Литмир - Электронная Библиотека
A
A

«“Прошу прощения?”»

«“Телемак? Уже вернулся?”» «“То есть?”»

«“Ты думаешь, я не заметил, тебе ведь и вправду так кажется — как грезы увели тебя куда-то не туда, покуда я рассказывал о счастливом возвращении твоего отца и обо всем прочем? Неужто я не знаю, какие шуточки с вином выделывает Елена? Ты думаешь, ты первый за эти сорок лет, кого я, как мне кажется, оплел с ног до головы своими байками, а на самом деле он меня оставил в дураках?”»

II

«И ответил измотанный за ночь сын Одиссеев: “Твой рассказ заставил нас всю ночь не сомкнуть наших глаз, Менелай, и радость придет с ним на измученную женихами Итаку. Время ехать. Проснись, Писистрат. Наше почтение Гермионе, тысяча поклонов ее волшебнице-матери”».
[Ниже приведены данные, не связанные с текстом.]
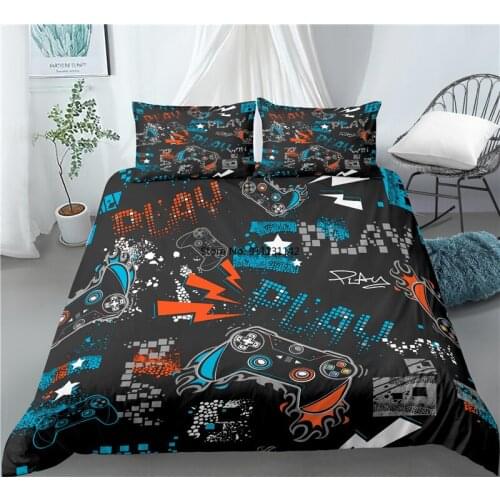 3D Game Controller Digital Printed Bedding Set Comfortable Down Cover Pillowcase Boys & Teenagers Bedding Set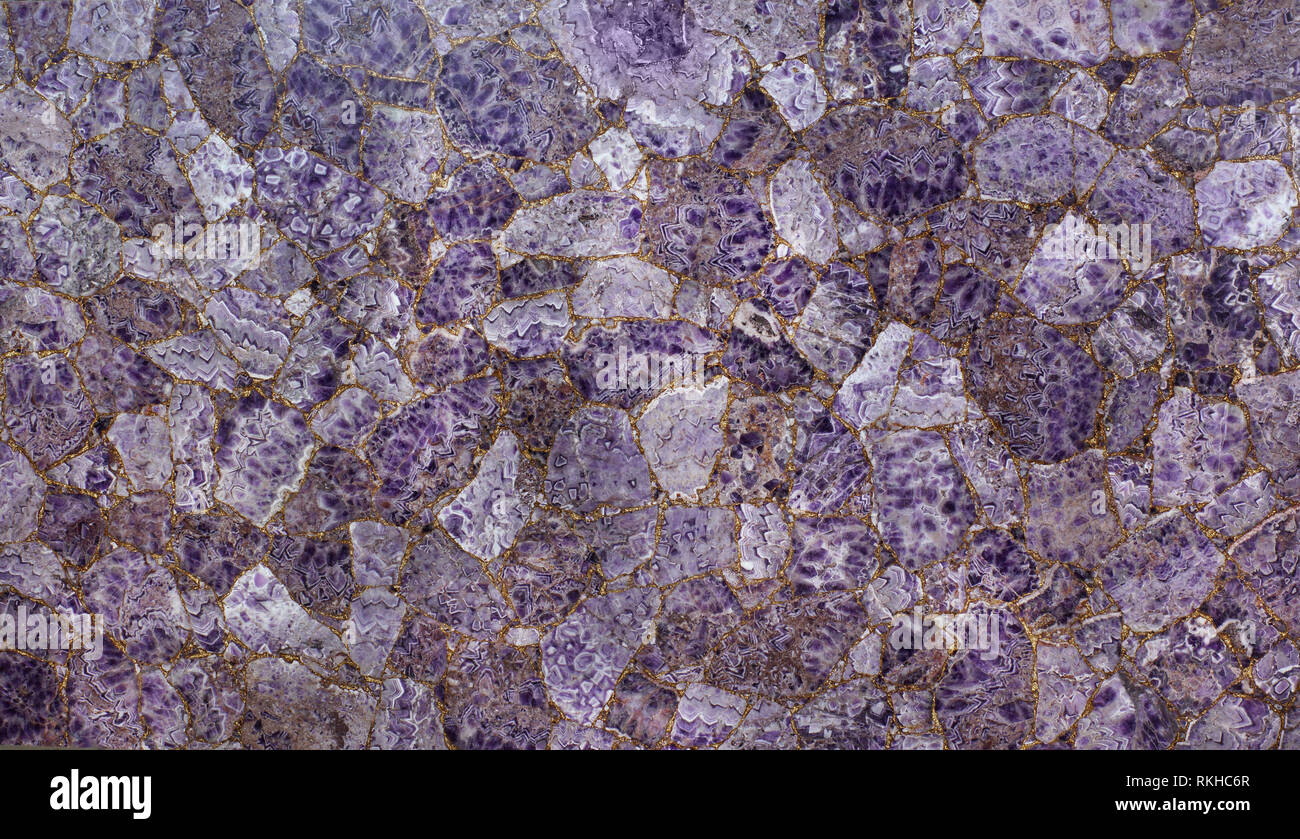 Natural purple amethyst, large slab of glued parts. Stock Photo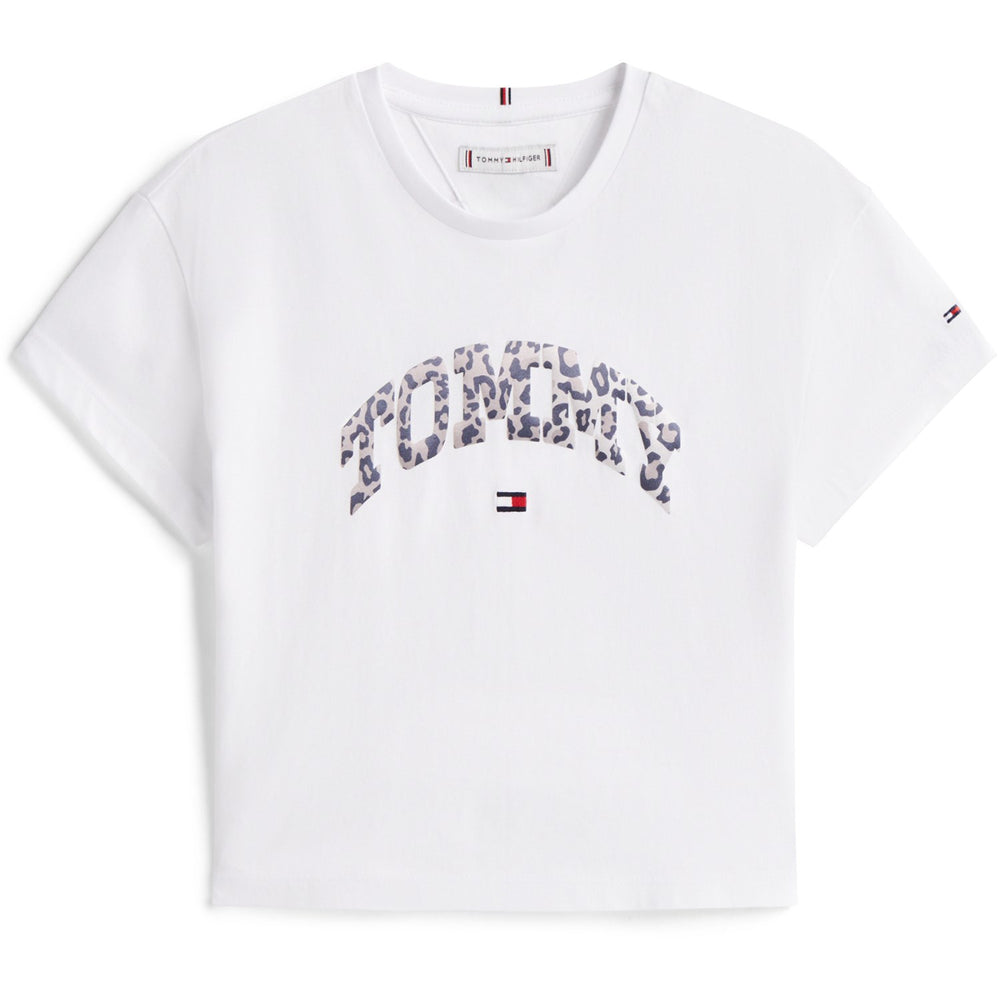 Køb Tommy Hilfiger White Varsity Sateen Graphic Tee S/S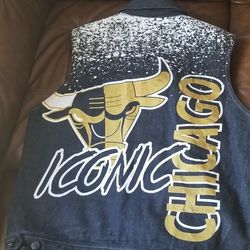 Black and Gold 2xl Bulls Jean Vest 
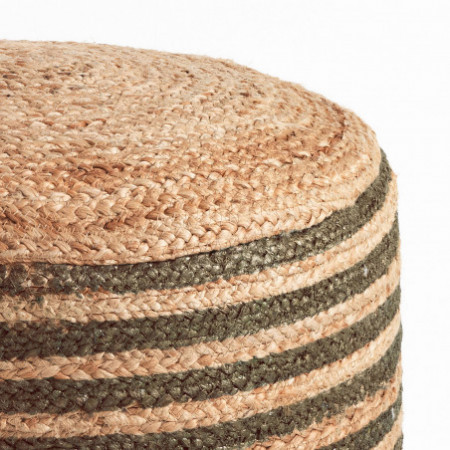 Pouf Juta Erko D Juta Intrecciata righe Marrone naturale e dettagli Oro, d50xh30 cm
«“А мое передай, — ответил я, — твоей матери, целомудреннейшей из матерей, музе и великой искуснице в науке плетения всяческих тканей и уз — к коей я и отправляю тебя, дабы ты пересказал ей историю моей кругосветки. Яблочко, скажем так, падает недалеко от яблоньки, и она, как и ты, не сочтет ее ни излишне простой, ни излишне краткой, хоть мы и добрались до развязки всего-то навсего за одну ночь. В ее собственной, я в том не сомневаюсь, ничуть не меньше узелков и хитросплетений — однако же в сравнении с историей твоего отца бледнеют обе; какие только чудеса и великолепные случайности не помешали ему вовремя доплыть домой! В сравнении с тем, что он расскажет в свою первую ночь на Итаке, этот рассказ — что Малый Аякс пред Большим”».
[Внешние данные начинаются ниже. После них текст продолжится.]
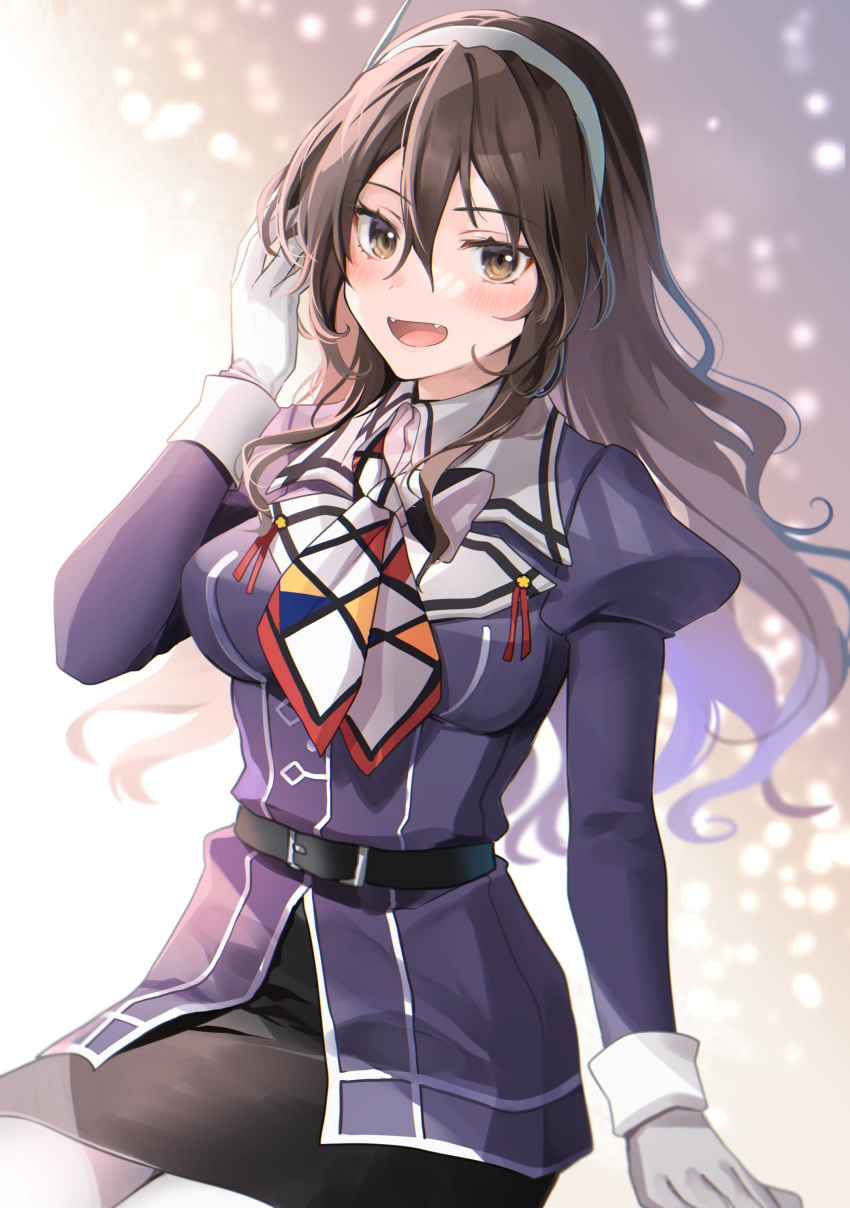 absurdres ascot ashigara_(kancolle) ashigara_kai_ni_(kancolle) belt black_skirt blush breasts brown_eyes brown_hair collared_shirt commentary female gloves gradient_background hair_between_eyes hairband highres jacket kantai_collection long_hair long_sleeves looking_at_viewer medium_breasts oerba_yun_fang open_mouth pantyhose pink_background sailor_collar shirt skirt smile solo uniform wavy_hair white_gloves white_pantyhose white_shirt yunamaro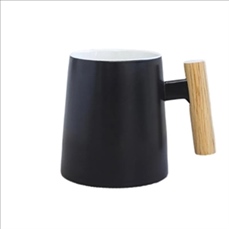 14 oz Ceramic Mug Cup With Wooden Handle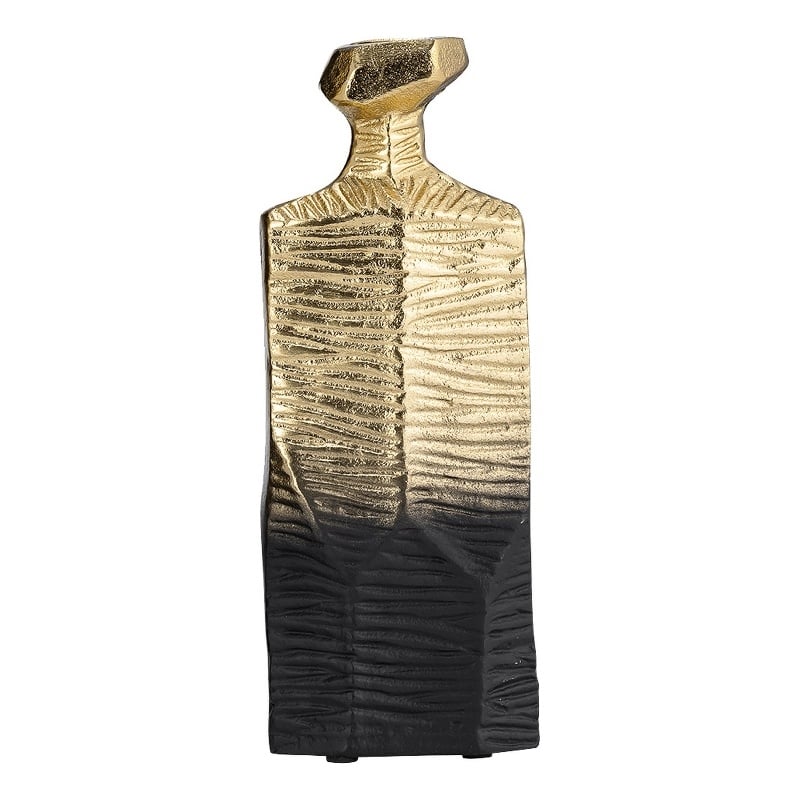 Kaya 9 Inch Classic Accent Metal Vase- Square Body- Narrow Top- Gold- Black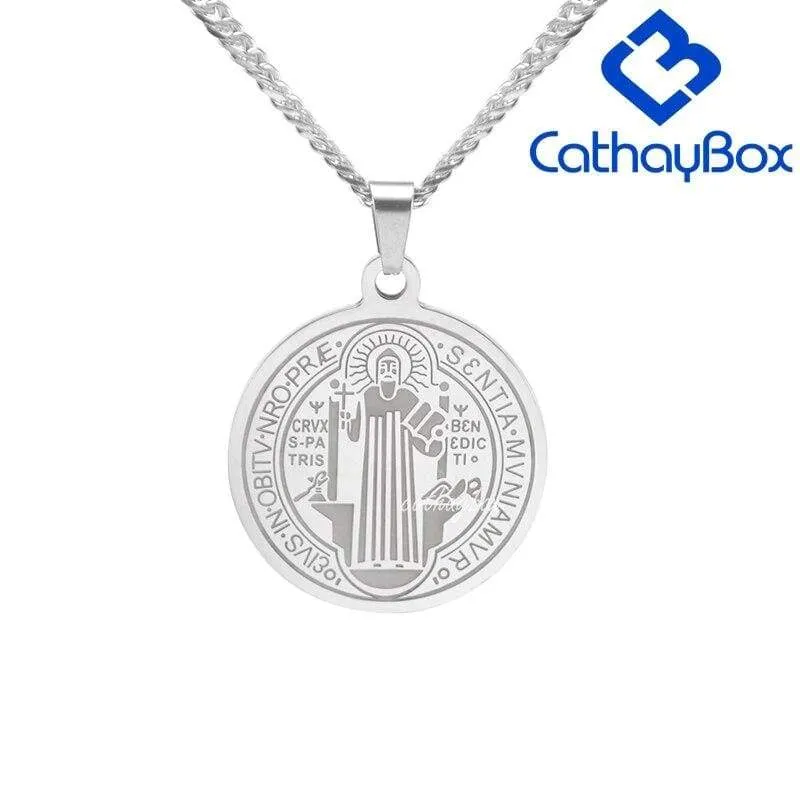 Catholic Gifts Jewelry Men's Silver Tone Stainless Steel Patron Saint St.  Benedict Holy Medals Pendant Necklace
«Промолвив так, я одарил их и отправил восвояси, в Нестором обильный Пилос и к свиньями богатым пажитям, любезным сердцу Одиссея; а сам вернулся туда, где обмануть меня никто не сможет, в свое повествовательское кресло. Там я застал восставшую ото сна Елену, в утреннем пеньюаре, — она с довольным, я бы даже сказал — отчасти пресыщенным — видом томила на свежих угольях две чаши вина с травами. Я чмокнул ее в ушко; она проворковала: “Не надо”. Я наклонился, чтобы ее обнять; “Ты сейчас разольешь вино”. Я надавил, подтолкнул ее обратно, к спальне. “Пусти меня, любовь моя”. Да ни за что на свете, так я ей и сказал; она вздохнула и улыбнулась, женщина, я не так понял, это просто подарок, забава, хобби, игрушечная лошадка, я закрыл глаза, ну, началось: “Менелай, держись”.— “Все, — я сказал, — мне ясно теперь, как день”».

I

Прозревший Менелай держал лишь самого себя, отчаянно и одиноко. Никто не может дважды войти в один и тот же Нил. Когда я понял, что в какой-то момент, там, на пляже, Протей стал Менелаем, который держит Морского Старца, Менелай исчез. Потом я понял, что и Протея как такового более существовать не может, поскольку теперь он с равной же долей вероятности является и попыткой Менелая удержать его, и повествованием об этой безнадежной попытке, и голосом, который ее пересказывает. Умер Аякс; Агамемнон; все мои друзья — и только я не могу умереть, мне повезло меньше всех; скелет Менелая давно обглодали черви, но голос его все плетет и плетет небылицы, несмотря ни на что, сам себе. Это не мой голос, я и есть этот голос, меня больше нет, все изменилось, переменилось, перепеременилось, ушло. И голос тоже, даже и он подвержен изменениям, он грубеет, теряет магнетизм, становится скрипучим, несвязным, пустым.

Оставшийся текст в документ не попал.